■ **Collected data**:
○ ○ ○ ○ ○ ○ ○

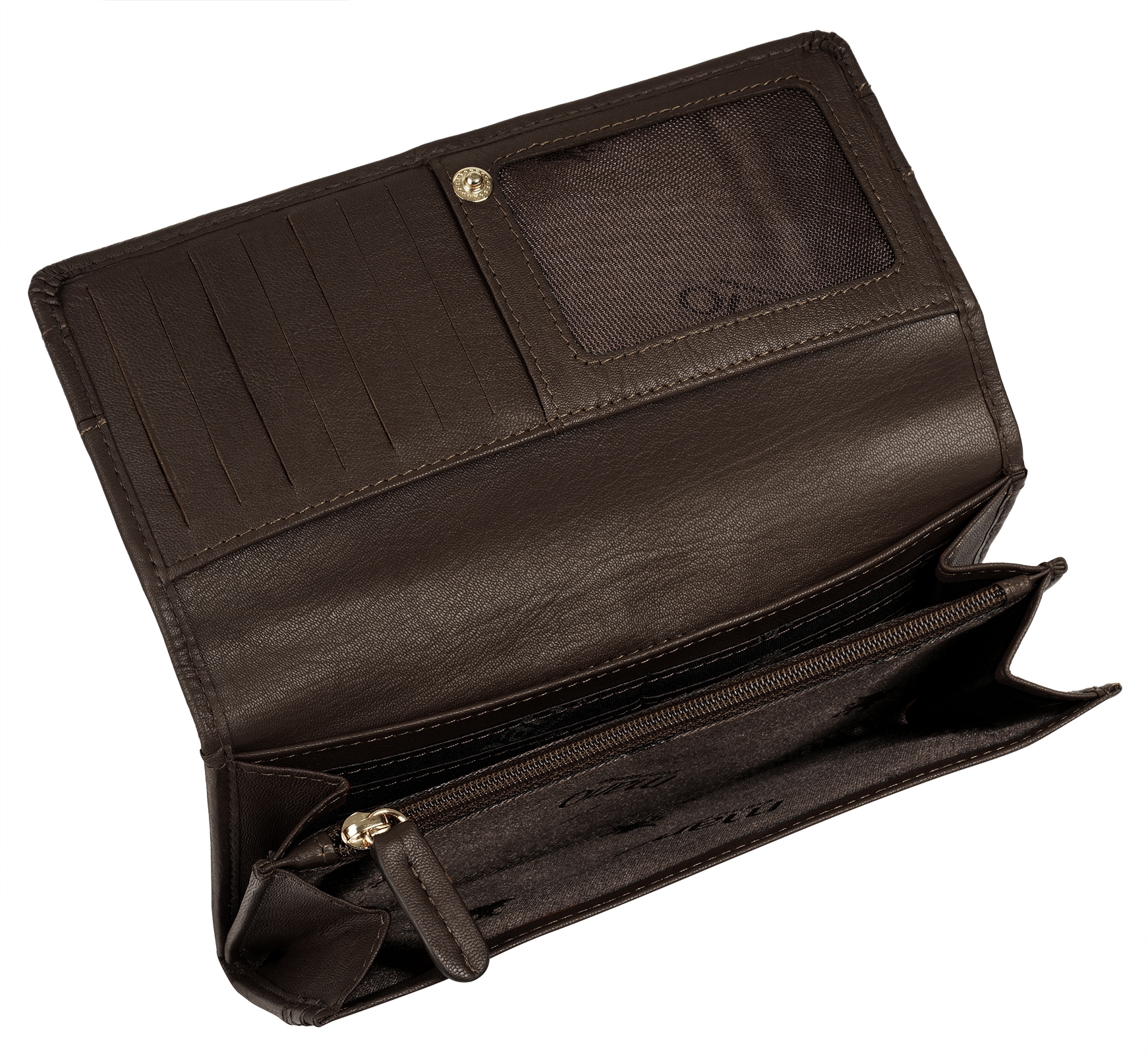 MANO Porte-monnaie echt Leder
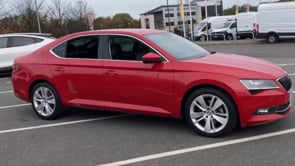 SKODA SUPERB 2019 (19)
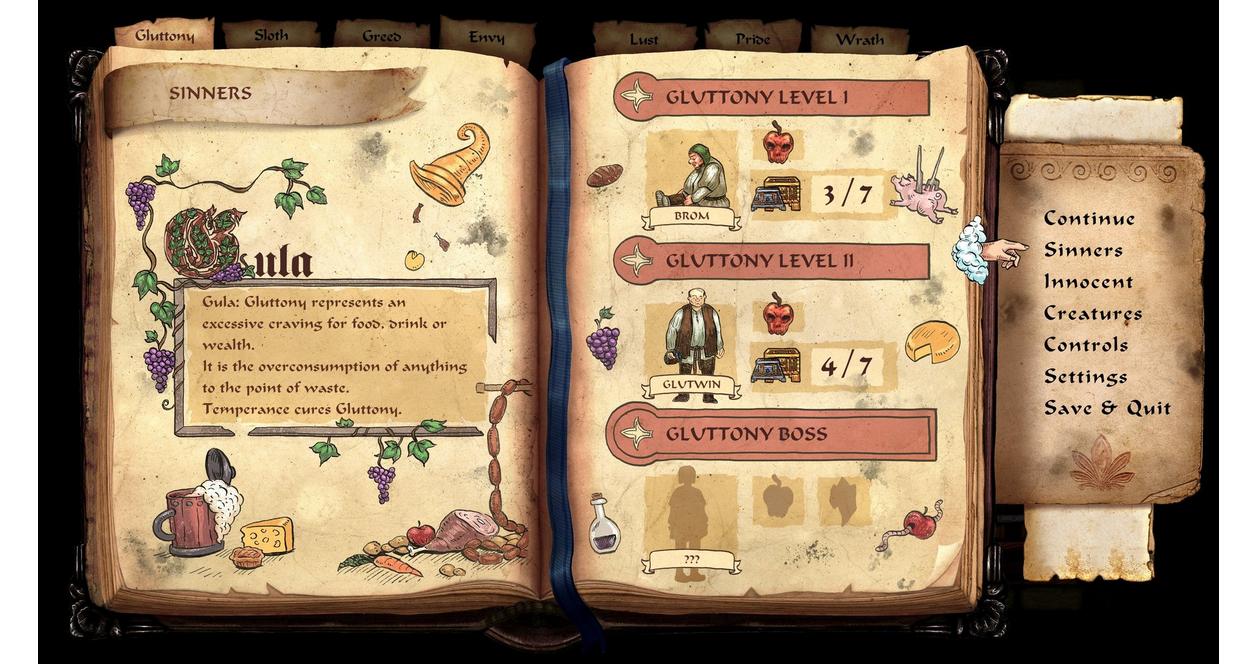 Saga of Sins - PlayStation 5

○ ○ ○ ○ ○ ○ ○

■ **Instructions to follow**: Every line of the data above should be quoted exactly. Omit the pictures.

■ **Exercise output**:
 MANO Porte-monnaie echt Leder
 SKODA SUPERB 2019 (19)
 Saga of Sins - PlayStation 5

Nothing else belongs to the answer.